Le graphique en forme de diamant ou, plus précisément, de carré posé sur l’un de ses pieds est plus un projet qu’une réalité. C’est celui d’une société équilibrée, avec une classe moyenne très garnie, avec une élite et une population pauvre, toutes deux très réduites. C’est l’incarnation ou l’interprétation métaphorique de toutes les philosophies (d’Aristote à Tocqueville) qui ont insisté sur l’importance de ces classes moyennes pour une vie politique saine.
L’illustration est celle de sociétés idéalisées avec une tripartition équilibrée.

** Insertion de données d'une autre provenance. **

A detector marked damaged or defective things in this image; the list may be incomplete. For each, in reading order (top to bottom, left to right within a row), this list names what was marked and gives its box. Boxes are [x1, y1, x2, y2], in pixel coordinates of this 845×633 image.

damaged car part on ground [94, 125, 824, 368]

En termes de marchés, il s’agirait de sociétés d’indifférenciation.
Le diamant
Le sablier
Le sablier est une métaphore de l’érosion des classes moyennes, avec une classe moyenne disloquée par enrichissement de sa strate supérieure et appauvrissement de sa classe inférieure. C’est l’image, commune maintenant en Occident, d’un effondrement progressif. La mort des classes moyennes serait contenue dans les réalités amenées par la société postindustrielle. Tout ce qui est milieu et moyen s’effacerait du fait de la nouvelle révolution industrielle, de l’écrasement des hiérarchies, de l’éclatement de la production entre haut et bas de gamme, abandonnant précisément tout ce qui se situe au milieu. Alors que l’image, établie rétrospectivement, de la montgolfière signale une élévation collective, celle du sablier annonce une progressive décrépitude, associée à une dualisation. C’est, surtout, la promesse d’ascension sociale qui vient faire défaut.

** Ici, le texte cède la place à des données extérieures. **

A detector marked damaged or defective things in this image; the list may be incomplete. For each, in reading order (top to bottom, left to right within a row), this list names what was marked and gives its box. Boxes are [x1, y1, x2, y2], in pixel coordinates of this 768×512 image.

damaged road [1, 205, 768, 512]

Outil classique de la représentation démographique des âges, la pyramide est également utile pour représenter une stratification sociale. On y trouve une élite très réduite, des populations pauvres très larges et une classe moyenne qui, pour être centrale dans la pyramide, n’est pas forcément de grande taille. On trouve là typiquement les pays émergents, avec des classes moyennes naissantes. La logique de marchés est celle du luxe pour le segment restreint (mais à fort pouvoir d’achat) des classes favorisées, du BOP (bottom of the pyramid) pour les moins favorisés qui peuvent accéder à la consommation, et la question spécifique de ces classes moyennes à satisfaire, non par le luxe qu’elles ne peuvent pas encore s’offrir, ni par les produits et services de base dont elles disposent déjà. En termes de représentation, cette pyramide peut, pour s’intéresser à la consommation, être calquée sur la célèbre pyramide de Maslow de hiérarchie des besoins.